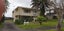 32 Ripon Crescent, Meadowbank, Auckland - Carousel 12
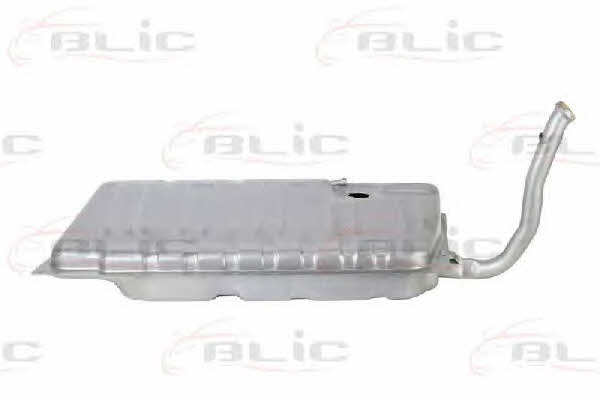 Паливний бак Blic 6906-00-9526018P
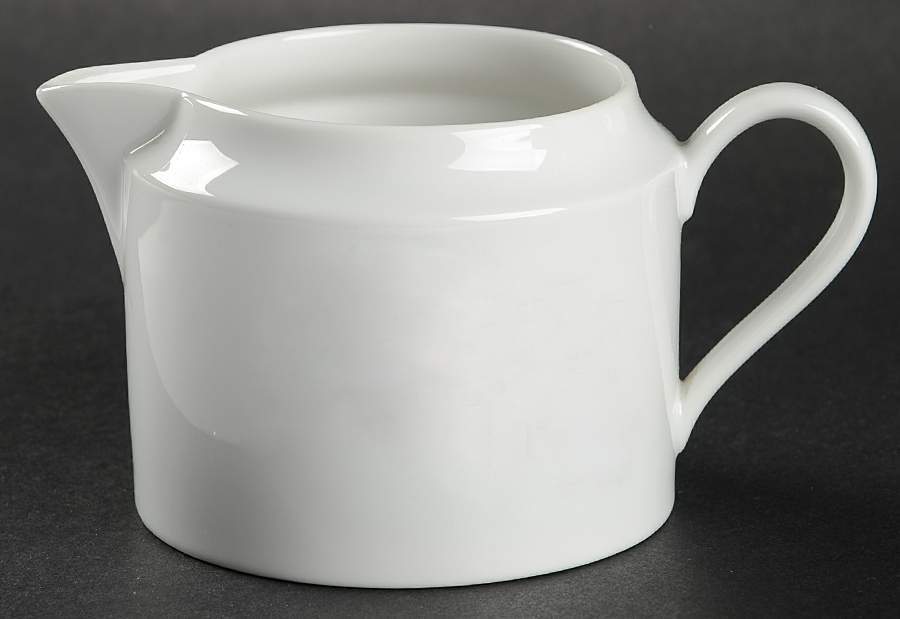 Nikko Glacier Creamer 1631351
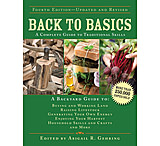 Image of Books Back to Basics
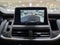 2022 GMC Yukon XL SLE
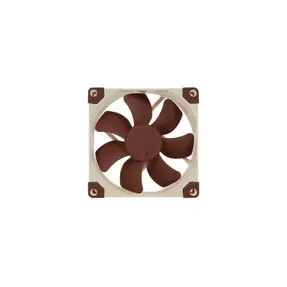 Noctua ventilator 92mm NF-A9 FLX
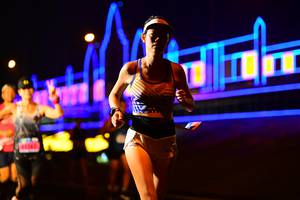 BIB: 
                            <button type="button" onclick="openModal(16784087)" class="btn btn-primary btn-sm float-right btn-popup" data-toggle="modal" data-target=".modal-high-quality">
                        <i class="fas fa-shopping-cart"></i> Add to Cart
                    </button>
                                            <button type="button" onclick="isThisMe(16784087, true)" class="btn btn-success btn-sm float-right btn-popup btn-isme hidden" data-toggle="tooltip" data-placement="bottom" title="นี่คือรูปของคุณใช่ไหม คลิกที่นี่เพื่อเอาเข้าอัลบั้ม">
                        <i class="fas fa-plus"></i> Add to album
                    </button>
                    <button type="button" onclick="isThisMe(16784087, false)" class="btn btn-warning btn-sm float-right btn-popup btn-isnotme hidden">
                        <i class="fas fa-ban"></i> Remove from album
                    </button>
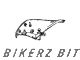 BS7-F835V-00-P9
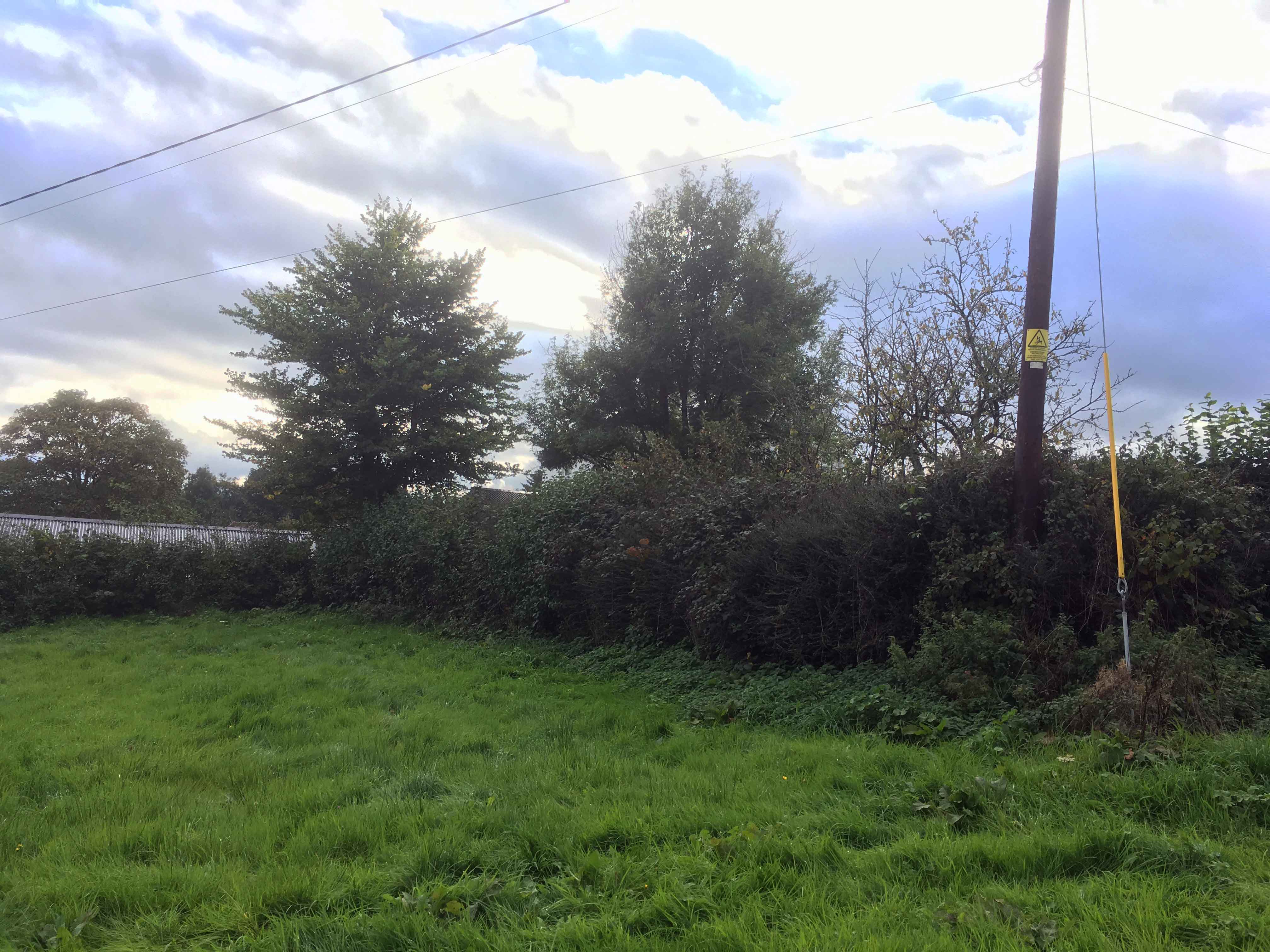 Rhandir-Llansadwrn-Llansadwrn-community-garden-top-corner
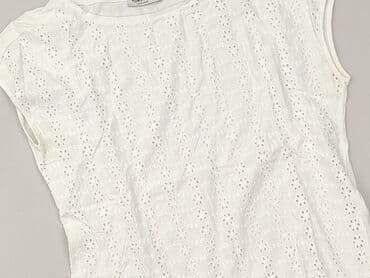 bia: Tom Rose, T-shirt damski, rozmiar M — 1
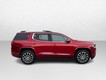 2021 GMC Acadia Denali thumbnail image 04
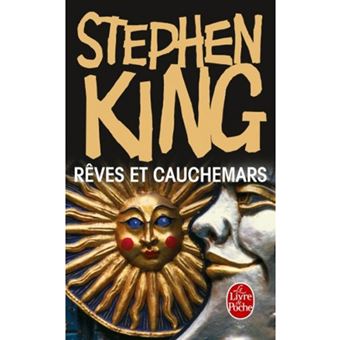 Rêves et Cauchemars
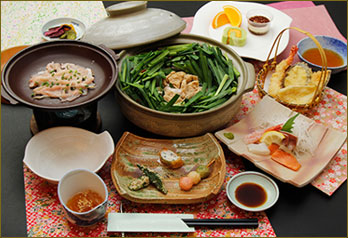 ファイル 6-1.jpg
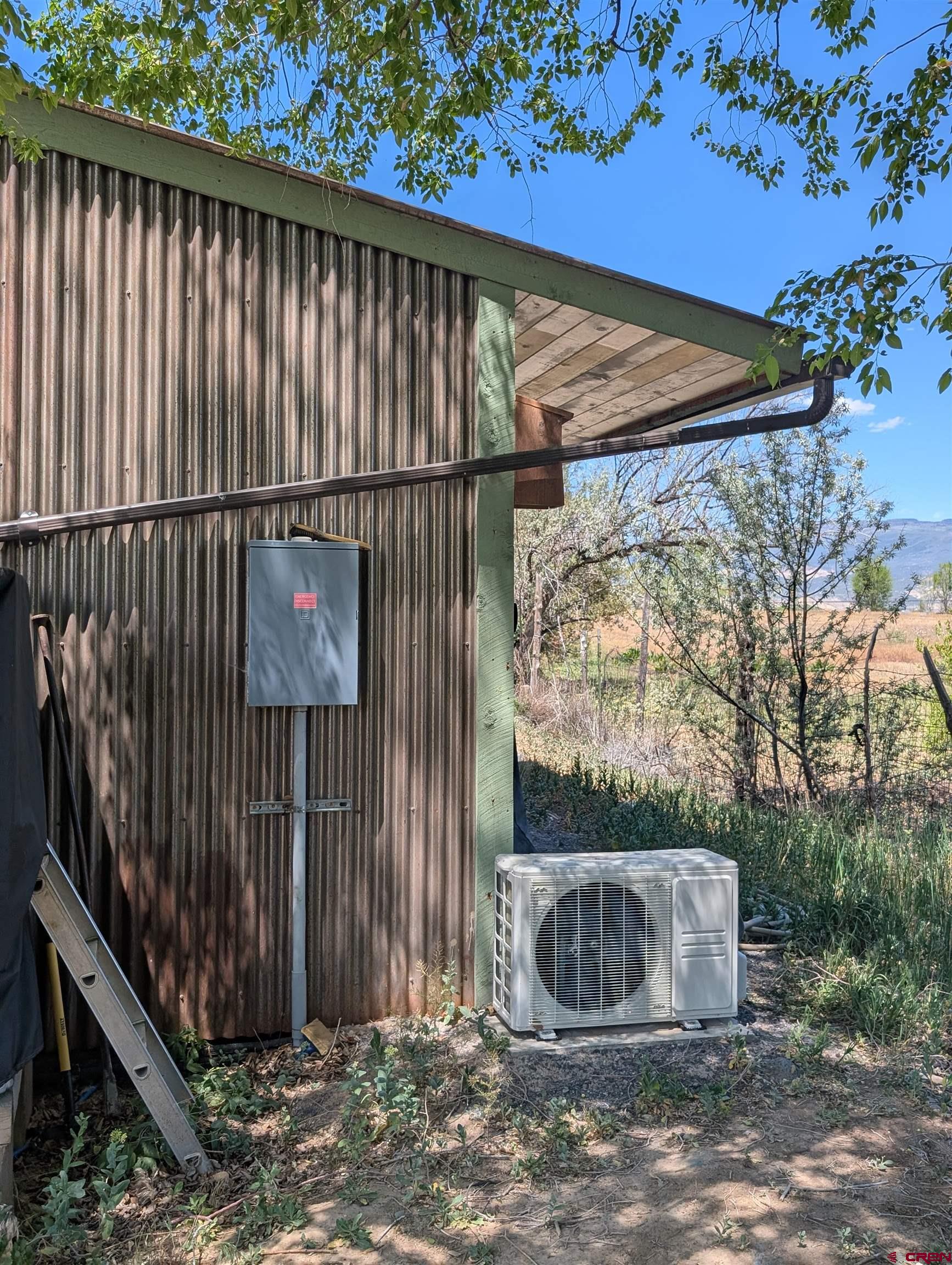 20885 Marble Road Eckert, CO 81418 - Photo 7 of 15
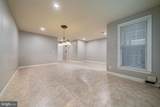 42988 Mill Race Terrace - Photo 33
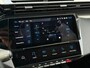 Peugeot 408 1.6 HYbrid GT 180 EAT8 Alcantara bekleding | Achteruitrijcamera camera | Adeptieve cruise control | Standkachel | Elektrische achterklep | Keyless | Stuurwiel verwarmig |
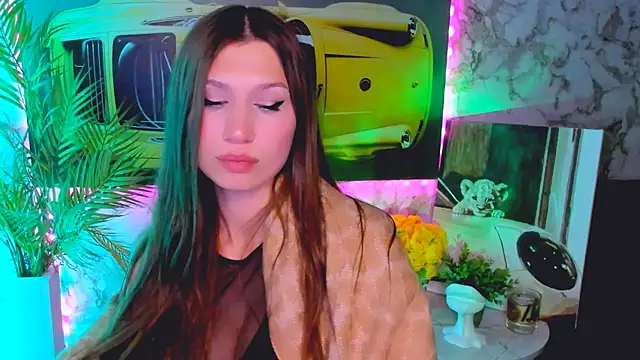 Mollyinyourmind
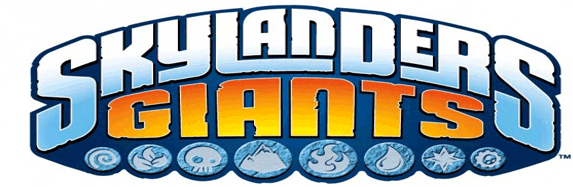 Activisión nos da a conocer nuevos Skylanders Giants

§ §

### TASK DETAILS
Return all lines above that mention the word "type".

### FINISHED TASK
                            <button type="button" onclick="openModal(16784087)" class="btn btn-primary btn-sm float-right btn-popup" data-toggle="modal" data-target=".modal-high-quality">
                                            <button type="button" onclick="isThisMe(16784087, true)" class="btn btn-success btn-sm float-right btn-popup btn-isme hidden" data-toggle="tooltip" data-placement="bottom" title="นี่คือรูปของคุณใช่ไหม คลิกที่นี่เพื่อเอาเข้าอัลบั้ม">
                    <button type="button" onclick="isThisMe(16784087, false)" class="btn btn-warning btn-sm float-right btn-popup btn-isnotme hidden">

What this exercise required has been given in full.